Subject: Re: [PATCH 0/2 v4] oom: capture unreclaimable slab info in oom
 message when kernel panic
To: Michal Hocko <mhocko@kernel.org>
Cc: cl@linux.com, penberg@kernel.org, rientjes@google.com,
        iamjoonsoo.kim@lge.com, akpm@linux-foundation.org, linux-mm@kvack.org,
        linux-kernel@vger.kernel.org
References: <1505947132-4363-1-git-send-email-yang.s@alibaba-inc.com>
 <20170925142352.havlx6ikheanqyhj@dhcp22.suse.cz>
 <e773cd57-8df6-ee6e-d051-857b8f354a0a@alibaba-inc.com>
 <20170925203235.vhhiqxp72v67n76l@dhcp22.suse.cz>
From: "Yang Shi" <yang.s@alibaba-inc.com>
Message-ID: <2a50d51e-1a36-aa44-3ee6-cb78ac9c7715@alibaba-inc.com>
Date: Tue, 26 Sep 2017 05:52:50 +0800
User-Agent: Mozilla/5.0 (Macintosh; Intel Mac OS X 10.12; rv:52.0)
 Gecko/20100101 Thunderbird/52.2.1
MIME-Version: 1.0
In-Reply-To: <20170925203235.vhhiqxp72v67n76l@dhcp22.suse.cz>
Content-Type: text/plain; charset=utf-8; format=flowed
Content-Language: en-US
Content-Transfer-Encoding: 7bit
Sender: linux-kernel-owner@vger.kernel.org
Content-Length: 2674
Lines: 58


On 9/25/17 1:32 PM, Michal Hocko wrote:
> On Mon 25-09-17 23:55:19, Yang Shi wrote:
>>
>>
>> On 9/25/17 7:23 AM, Michal Hocko wrote:
>>> On Thu 21-09-17 06:38:50, Yang Shi wrote:
>>>> Recently we ran into a oom issue, kernel panic due to no killable process.
>>>> The dmesg shows huge unreclaimable slabs used almost 100% memory, but kdump doesn't capture vmcore due to some reason.
>>>>
>>>> So, it may sound better to capture unreclaimable slab info in oom message when kernel panic to aid trouble shooting and cover the corner case.
>>>> Since kernel already panic, so capturing more information sounds worthy and doesn't bother normal oom killer.
>>>>
>>>> With the patchset, tools/vm/slabinfo has a new option, "-U", to show unreclaimable slab only.
>>>>
>>>> And, oom will print all non zero (num_objs * size != 0) unreclaimable slabs in oom killer message.
>>>
>>> Well, I do undestand that this _might_ be useful but it also might
>>> generates a _lot_ of output. The oom report can be quite verbose already
>>> so is this something we want to have enabled by default?
>>
>> The uneclaimable slub message will be just printed out when kernel panic (no
>> killable process or panic_on_oom is set). So, it will not bother normal oom.
>> Since kernel is already panic, so it might be preferred to have more
>> information reported.
> 
> Well, this certainly depends. If you have a limited console output (e.g.
> no serial console) then the additional information can easily scroll the
> potentially much more useful information from the early oom report. We
> already do have a control to enable/disable tasks dumping which can be
> very long as well.
>   
>> We definitely can add a proc knob to control it if we want to disable the
>> message even if when kernel panic.
> 
> Well, I do not have a strong opinion on this. I can see cases where this
> kind of information would be useful but most OOM reports I have seen
> were simply user space pinned memory. Slab memory leaks are seen very
> seldom. Do you think a pr_dbg and slab stats for all ooms would be still
> useful?

It might be. But, we can use slabinfo to get all slab stats in non-panic 
oom case, patch 1/2 (tools: slabinfo: add "-U" option to show 
unreclaimable slabs only) should be used to cover this case.
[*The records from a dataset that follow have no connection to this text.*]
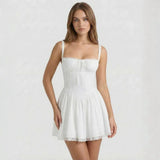 Elara Mini Dress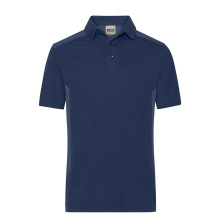 Men's Workwear Polo - STRONG - - Topgiving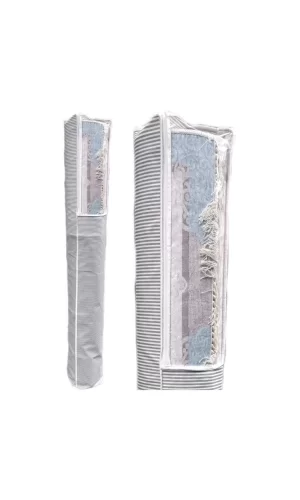 Halı Hurcu Pencereli Halı Hurcu 6 M2 (38x210 Cm)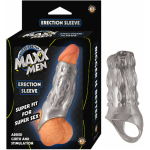 Maxx Men Erection Sleeve - Image 2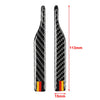 Universal Rearview Side Mirror Anti-Collision Protector Trim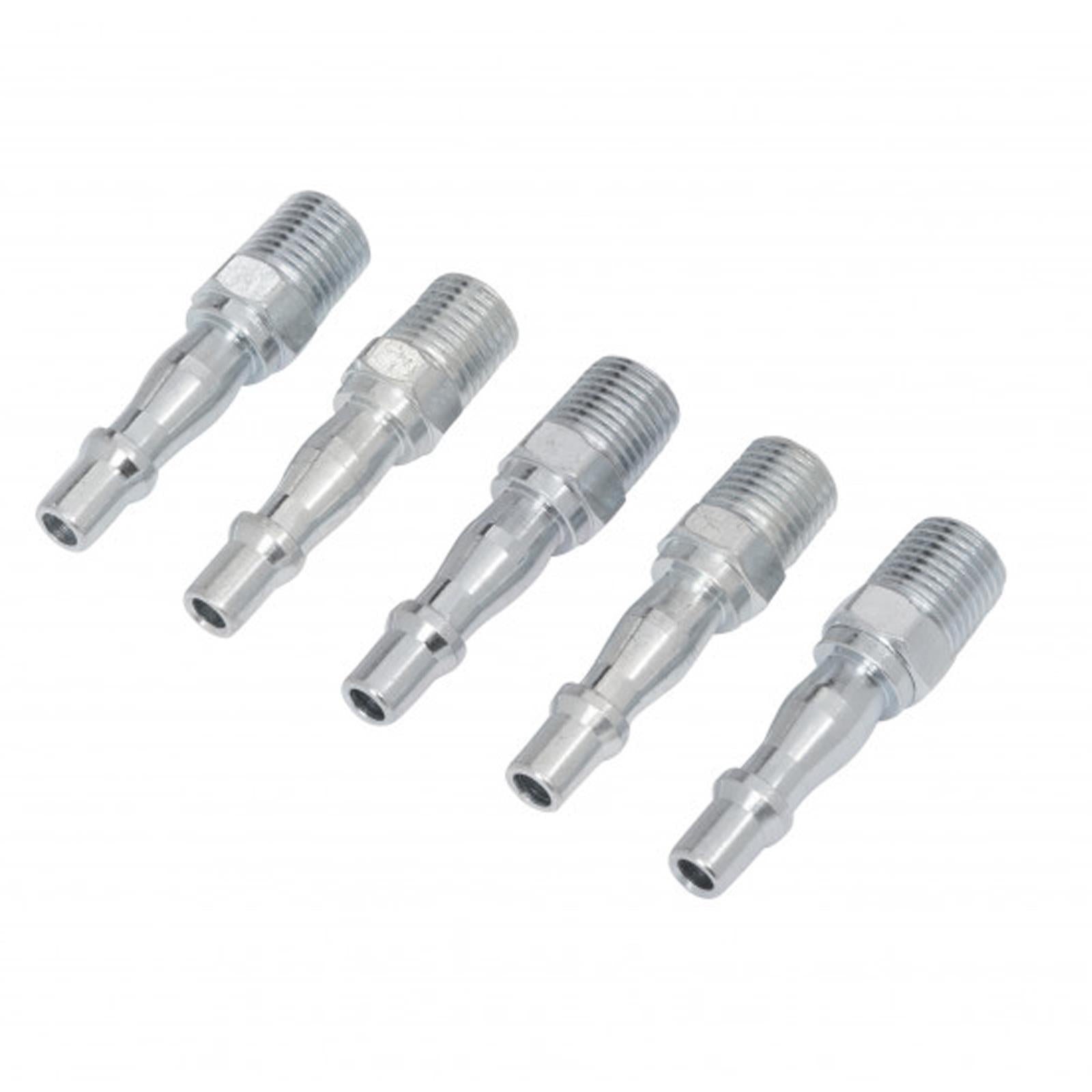 25MM DIAM PVC Bianco-U Tubo Rettilineo Connettori Accoppiatori Tubo 2pz - Foto 7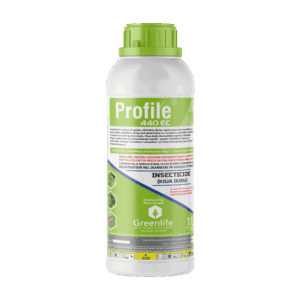 PROFILE 100ML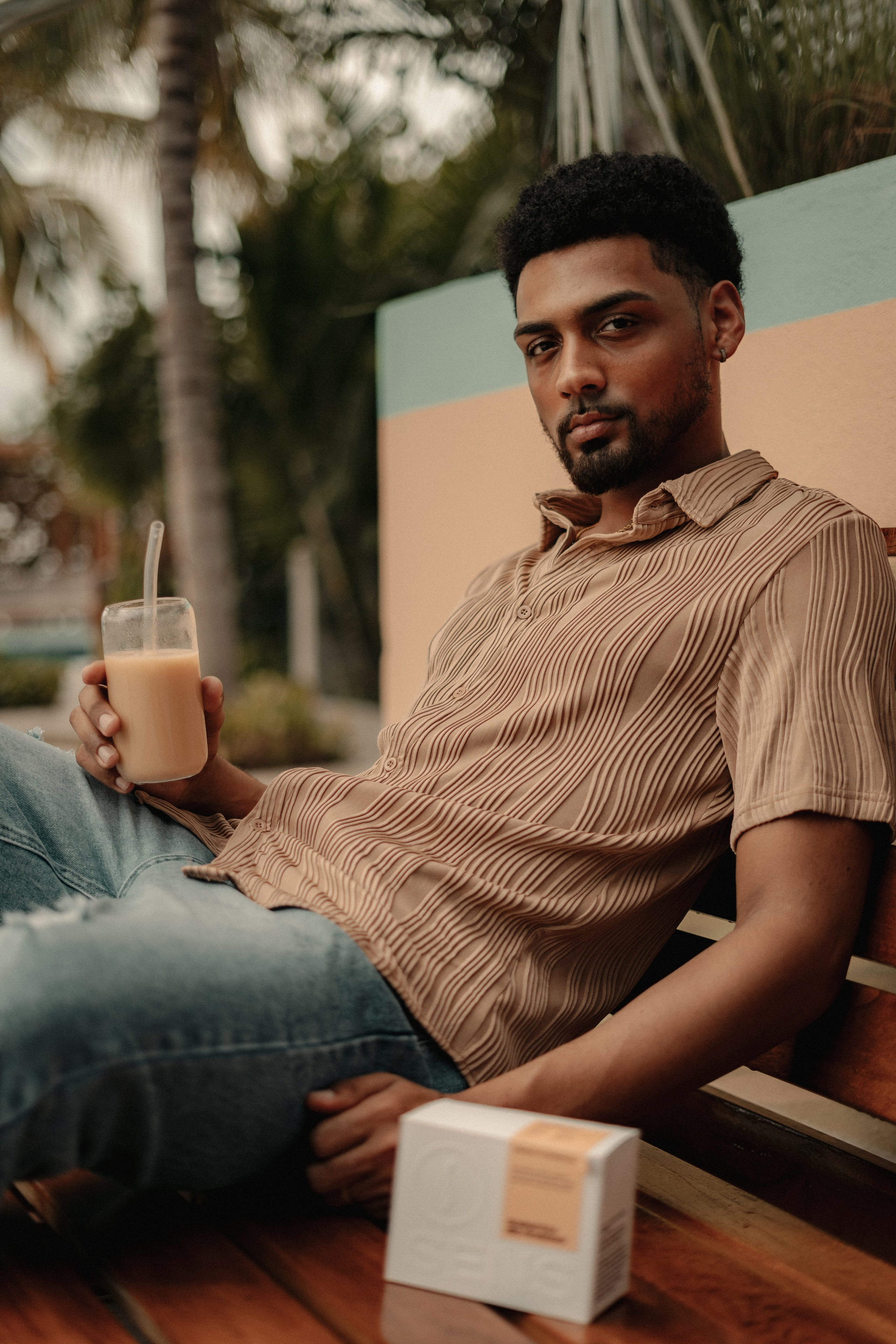 Coffee Brand Content. ФОТОГРАФ ФЛОРИДА МАЙАМИ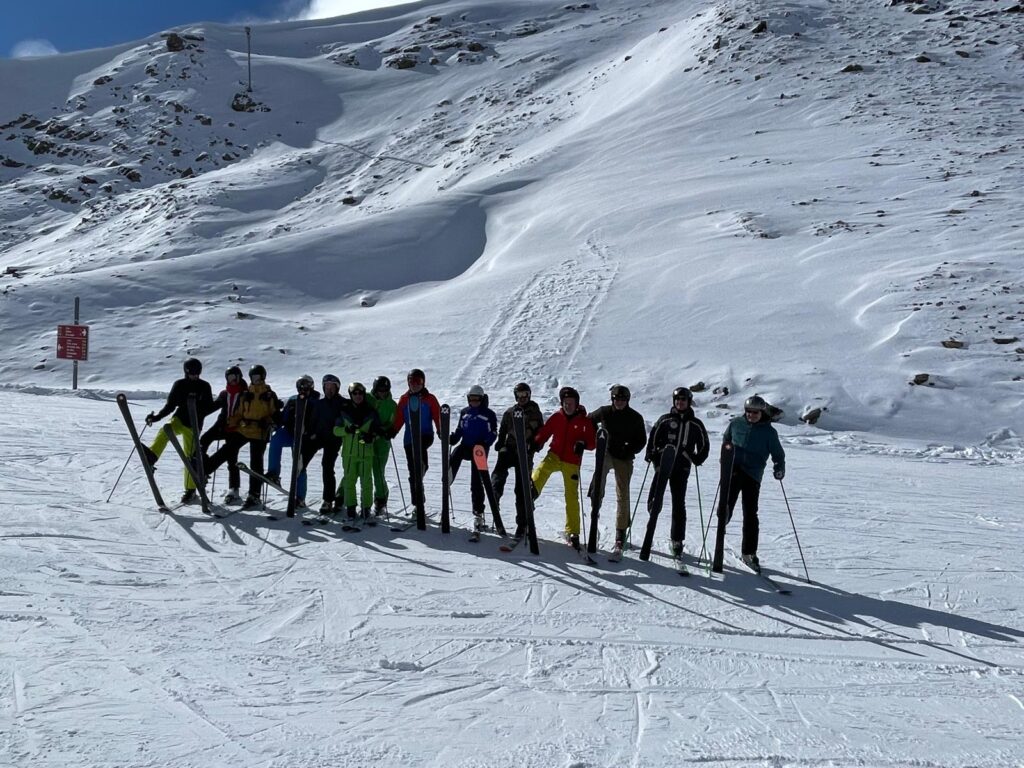 Gay Ski Week Lenzerheide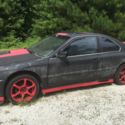 Custom 1994 Honda Accord (Needs Transmission)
Maybe we can set a unreclaimable slab/total mem ratio. For example, when 
unreclaimable slab size >= 50% total memory size, then we print out slab 
stats in oom? And, the ratio might be adjustable in /proc.

Or just replace pr_info to pr_debug. Once oom happens, if there are a 
lot unreclaimable slabs consumed, we can just enable the debug info then 
try to reproduce.

Thanks,
Yang

>